(Concept voor een toespraak, te houden tijdens verkiezingscampagne voor de eerstvolgende Tweede-Kamerverkiezingen in Nederland.)
Mijne toehoorders,
Vandaag zal ik eens helemaal afwijken van het gebruikelijke verhaal dat kandidaten afsteken wanneer ze de kiezers ertoe willen verleiden hun stem op hen uit te brengen, ten einde ervoor te zorgen dat het land meer dan ooit goed zal worden bestuurd in de komende vier jaar. Ik zal niet verhelen dat ik mijzelf bij eerdere gelegenheden ertoe heb laten verleiden tijdens verkiezingstoespraken een aantal beloften te doen waarvan ik op dat moment wist dat ik ze niet zou, of zelfs niet kon of wilde waarmaken.
Ik zeg u dit allereerst, in het besef dat ik daarmee de geloofwaardigheid van het volgende enigszins op losse schroeven zet, maar ik wil toch graag dat u, in uw eigen belang, in het belang van Nederland en misschien ook wel van ons werelddeel of de gehele wereld, luistert naar wat ik te zeggen heb.
Daarvoor moet ik even terug in de geschiedenis. Niet erg ver, wel zo ver dat er vrijwel niemand meer leeft die het nog bewust heeft meegemaakt.

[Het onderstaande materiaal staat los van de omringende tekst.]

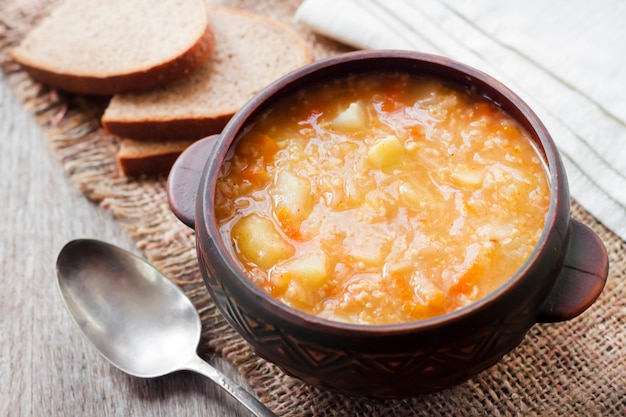 Kapustnyak - traditional Ukrainian winter soup with sauerkraut, millet and meat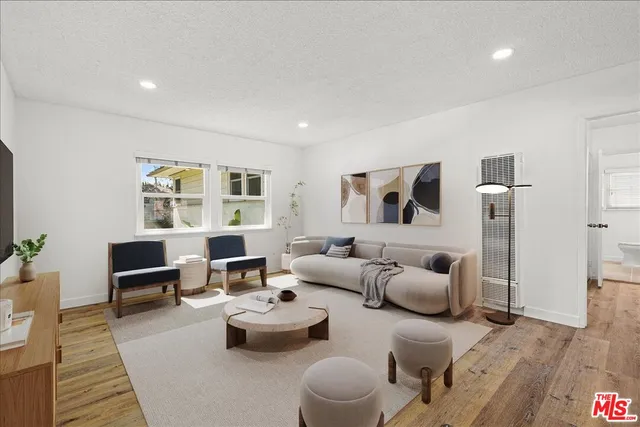 a living room with furniture and wooden floor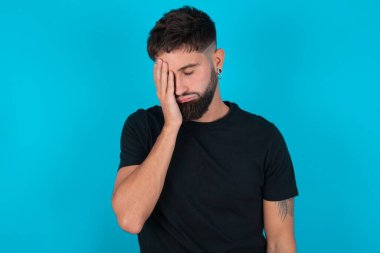 Mavi arka planda duran siyah tişört giyen yorgun ve fazla çalışan İspanyol sakallı genç adamın uykulu bir ifadesi, kasvetli bir bakışı var, yüzü elle örtülmüş, gözleri kapalı, yorgunluktan nefesi kesilmiş, partiden sonra bitkinlik ve yorgunluk var.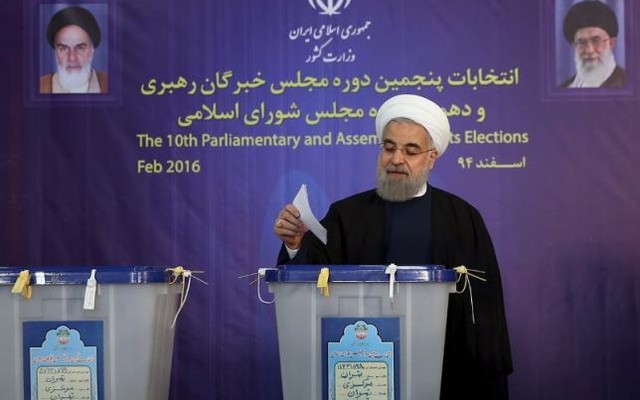 Iranian President Hassan Rouhani casts his vote during elections for the parliament and Assembly of Experts which has the power to appoint and dismiss the supreme leader in Tehran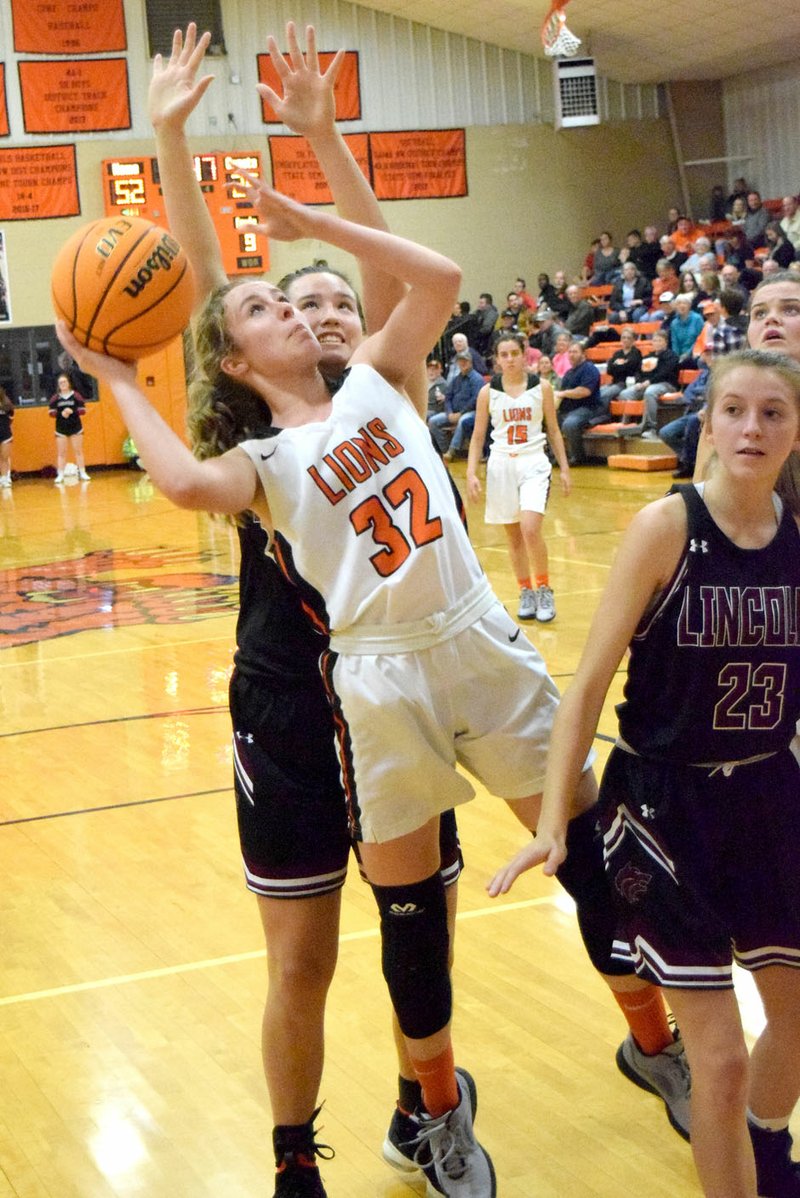 Westside Eagle Observer/MIKE ECKELS Kaylan Chilton (Lions 32) fights off a Lady Wolves player to put up a jumper during the third quarter of the Gravette-Lincoln varsity girls basketball contest in Gravette Dec. 3. Gravette won 63-33.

In 1933 kwam Adolf Hitler aan de macht in Duitsland door de revanchistische kaart te spelen: Duitsland was tot op het bot vernederd door het wapenstilstandsverdrag van Compiègne. Bovendien zou het land wegens de door de overwinnaars geëiste herstelbetalingen tot in lengte van jaren in armoede moeten leven. Hitler wist een meerderheid ervan te overtuigen dat hij, anders dan de aarzelaars van de Weimarrepubliek, Duitsland uit dat moeras ging leiden door het verdrag op te zeggen, de herstelbetalingen op te schorten en de door Frankrijk bezette gebieden in het Rijnland terug te nemen.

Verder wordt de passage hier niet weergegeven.